___ Dataset section ___

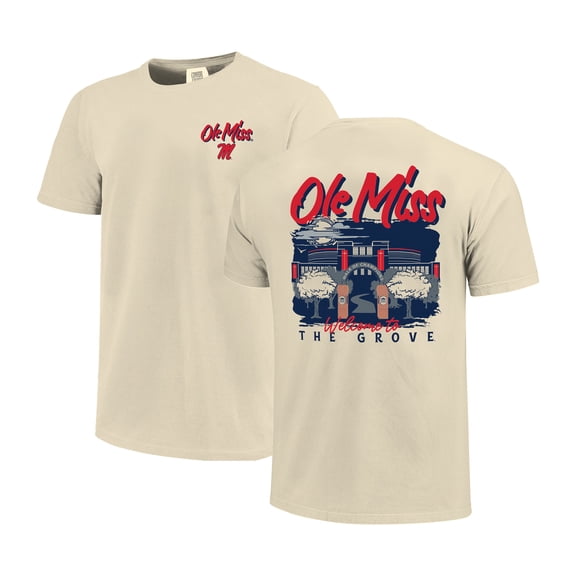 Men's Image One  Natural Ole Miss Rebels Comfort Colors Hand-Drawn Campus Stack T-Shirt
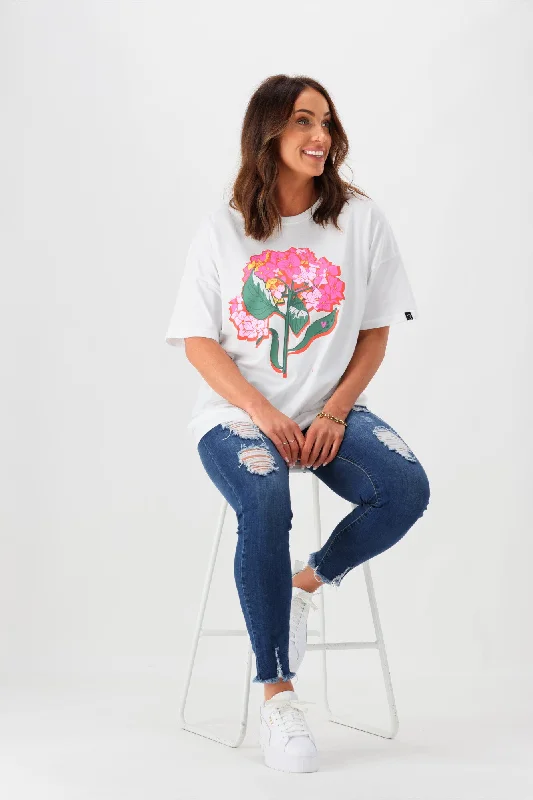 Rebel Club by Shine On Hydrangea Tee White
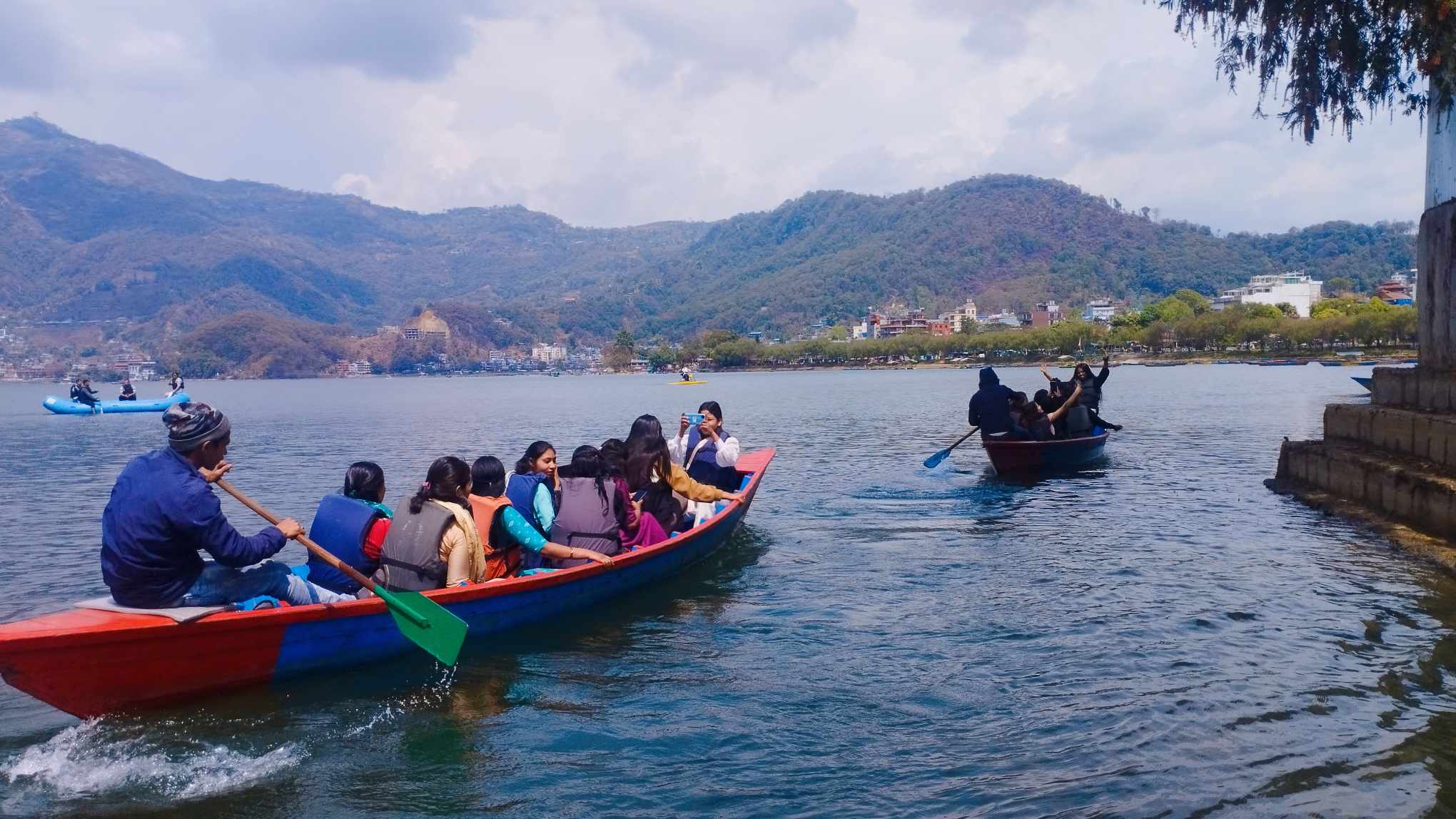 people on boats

___

### Work instructions
Every word of the material above should be copied exactly; no pictures.

### Solution
 Men's Image One  Natural Ole Miss Rebels Comfort Colors Hand-Drawn Campus Stack T-Shirt
 Rebel Club by Shine On Hydrangea Tee White
 people on boats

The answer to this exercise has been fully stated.